2022年5月に、イングランド銀行が年末までにインフレ率が10%に上昇すると予測したとき、それがそれほど衝撃的でなかったのは、今の経済状況を物語っています。今、レストランを経営している人は、一律10%の値上げを提示したら反感を買うでしょう。多くの人が直面している現実は、もっと悲惨だからです。
私たちは、さまざまなコストのプレッシャーについて思い出す必要はほとんどないでしょうが、ここでは、エネルギー料金の高騰、食品価格の高騰、過去数十年間見られなかった賃金上昇の3つを簡単に挙げておきます。
コロナのパンデミックを乗り切るためのガイドがなかったように、レストラン経営者にとっても、このコスト高騰に備えるものは何もありません。

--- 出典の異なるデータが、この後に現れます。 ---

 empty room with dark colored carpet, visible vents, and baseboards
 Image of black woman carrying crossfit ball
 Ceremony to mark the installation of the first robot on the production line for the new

ウクライナ戦争とコロナの影響により、2022年後半以降、歴史的なエネルギー価格の高騰が生じています。現時点でのインフレ圧力の強さは極端ですが、気候危機のため、変動性は当面続く可能性が非常に高いというのが実情です。日本の現状においても、大手電力会社は、今年5月の電気料金の値上げを発表し、過去5年間で最も高い水準になっています。
サステイナブル・レストラン協会(SRA)は、ホスピタリティ産業(飲食・宿泊業など)を人と地球に配慮した未来に向けてさらに加速させることを約束する組織です。

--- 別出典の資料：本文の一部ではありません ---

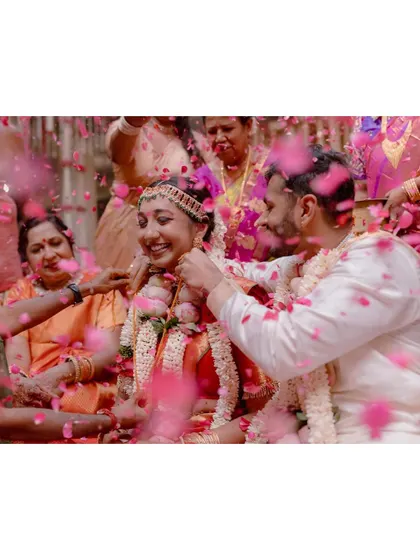 A joyous moment from a South Indian wedding, with the couple showered in pink rose petals by their family and friends.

ここではで、今こそビジネスの将来を見据え、財務的な負担を軽減する機会を提供するだけでなく、レストランが環境に与える影響を軽減し、労働力にも良い影響を与えるような取り組みに投資することをご紹介していきます。
エネルギーアナリストのコーンウォール・インサイトの調査によると、2022年の最初の3カ月間に中小企業が支払ったガス料金は、2021年の同時期に比べ250%高かったといいます。

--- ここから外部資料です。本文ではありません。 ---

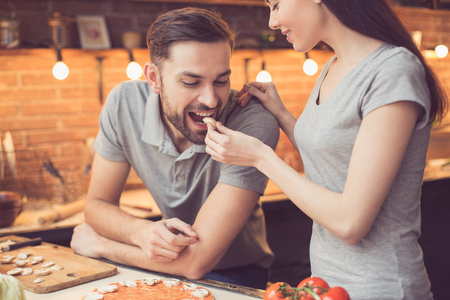 Young couple cooking in kitchenの写真素材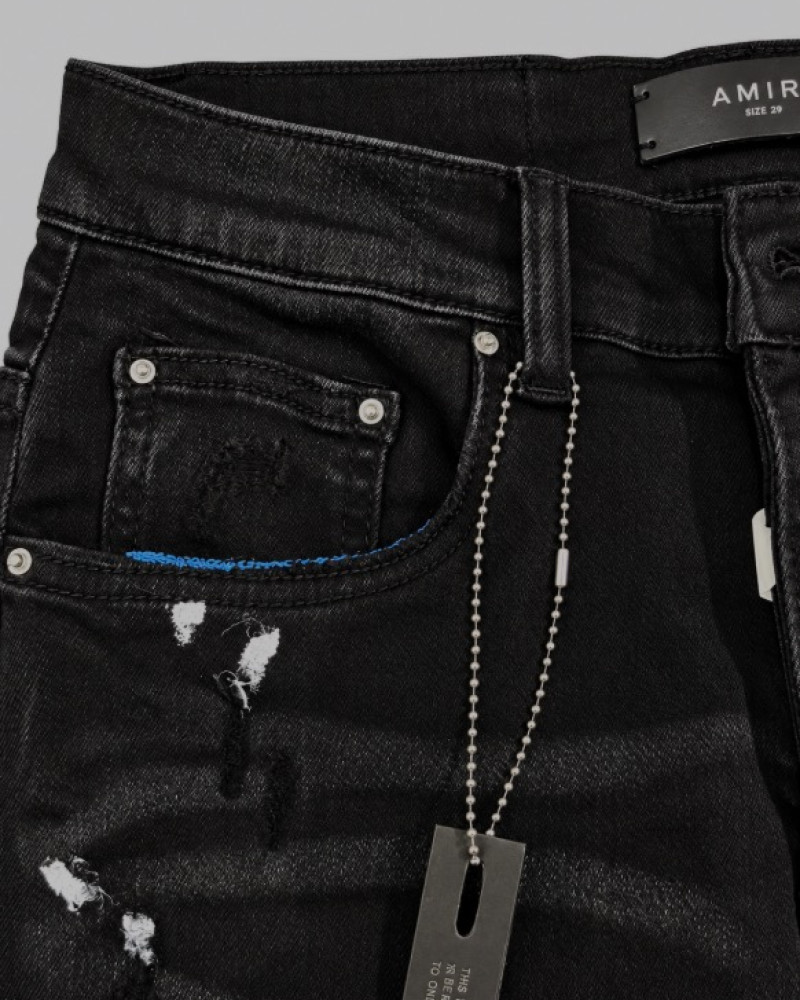 AMIRI Aged Black Paint Splatter MX1 Jeans.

このセクターのエネルギーコストは、この危機の前からすでに十分に高く、合計で年間13億ポンド以上(約2184億円)、炭素排出量は800万トンにのぼります。UK Power(英国の電力会社)の試算によると、英国のレストランの総支出の5%がガスと電気に費やされる可能性があります。そして、それは増加の一途をたどっています。
フードサービス・エクイップメント・アソシエーション(英国最大の独立したフードサービス機器の業界団体 )のキース・ウォーレン 氏は、設備投資にまだ慎重な企業にとって、リースの選択肢がますます広がっていることを示唆しています。
「厨房を羨ましく思うことはよくあることです。シェフが働きたくなるような厨房を作ることで、スタッフを引き付け、定着させることができます。シフトの終わりにレンジの焦げを落とす代わりに、拭き掃除をすればいいのです」。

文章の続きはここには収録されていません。